Au total, le numérique génère 2,1% à 3,9 % des émissions mondiales de CO2, contre 2,5 % pour l’aviation civile, d’après une étude parue dans la revue Patterns en 2021. Et son empreinte carbone devrait continuer à s’accroître, car le volume de données ne cesse d’augmenter et avec elle les capacités de stockage. D’après Statista, en 2025, le volume de données numériques créées ou répliquées à l’échelle mondiale serait 90 fois supérieur à celui de 2010. Résultat : la capacité de stockage mondiale devrait croître en moyenne de près de 20 % par an sur la période 2020-2025.

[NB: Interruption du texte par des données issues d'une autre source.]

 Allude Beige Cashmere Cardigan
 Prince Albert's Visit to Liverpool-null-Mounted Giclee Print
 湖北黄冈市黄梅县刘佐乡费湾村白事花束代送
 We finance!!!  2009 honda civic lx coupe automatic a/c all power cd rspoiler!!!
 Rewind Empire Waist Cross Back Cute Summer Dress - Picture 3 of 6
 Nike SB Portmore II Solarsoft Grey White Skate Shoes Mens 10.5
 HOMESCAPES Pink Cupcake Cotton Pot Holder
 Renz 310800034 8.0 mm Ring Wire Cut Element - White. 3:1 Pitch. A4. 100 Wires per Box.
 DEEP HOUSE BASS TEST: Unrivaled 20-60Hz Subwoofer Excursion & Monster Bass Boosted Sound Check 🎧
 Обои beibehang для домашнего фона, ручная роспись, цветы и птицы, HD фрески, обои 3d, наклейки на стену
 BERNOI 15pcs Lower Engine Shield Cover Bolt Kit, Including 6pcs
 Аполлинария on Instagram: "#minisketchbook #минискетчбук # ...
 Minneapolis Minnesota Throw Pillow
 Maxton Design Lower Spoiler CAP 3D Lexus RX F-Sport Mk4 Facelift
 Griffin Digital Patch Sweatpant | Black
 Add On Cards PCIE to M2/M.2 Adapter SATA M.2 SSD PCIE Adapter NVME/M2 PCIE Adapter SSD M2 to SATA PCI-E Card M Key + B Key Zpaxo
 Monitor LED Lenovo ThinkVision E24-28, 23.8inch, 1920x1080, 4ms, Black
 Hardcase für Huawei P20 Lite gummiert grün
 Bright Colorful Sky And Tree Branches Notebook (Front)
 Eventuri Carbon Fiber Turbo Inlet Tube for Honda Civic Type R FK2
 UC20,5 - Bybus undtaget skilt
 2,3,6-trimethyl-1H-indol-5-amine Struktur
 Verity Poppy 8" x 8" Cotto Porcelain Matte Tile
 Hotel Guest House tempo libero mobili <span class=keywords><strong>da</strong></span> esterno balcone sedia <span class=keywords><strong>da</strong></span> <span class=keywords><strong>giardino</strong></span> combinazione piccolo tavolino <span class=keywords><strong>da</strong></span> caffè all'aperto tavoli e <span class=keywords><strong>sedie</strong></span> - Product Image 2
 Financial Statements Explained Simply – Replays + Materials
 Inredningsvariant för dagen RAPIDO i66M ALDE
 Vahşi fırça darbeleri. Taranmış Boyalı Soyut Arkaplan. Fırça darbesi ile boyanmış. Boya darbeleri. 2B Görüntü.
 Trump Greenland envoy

Face à ces chiffres, l’IA est de plus en plus au cœur de la critique environnementale. Mais pour Aurélie Bugeau, chercheuse au laboratoire bordelais de recherche en informatique (LaBRI), « la consommation énergétique des IA doit être mise en relation avec ce que cela permet ». « Il y a des tâches exécutées par des IA pour lesquelles on est peut-être davantage prêt à accepter un coût environnemental que d’autres, explique-t-elle. L’évaluation doit se faire au cas par cas, mais ce qui est sûr c’est que l’impact de l’IA sur l’environnement est un enjeu très important. » À l’humain de trancher le débat, à moins que les algorithmes n’aient pas dit leur dernier mot.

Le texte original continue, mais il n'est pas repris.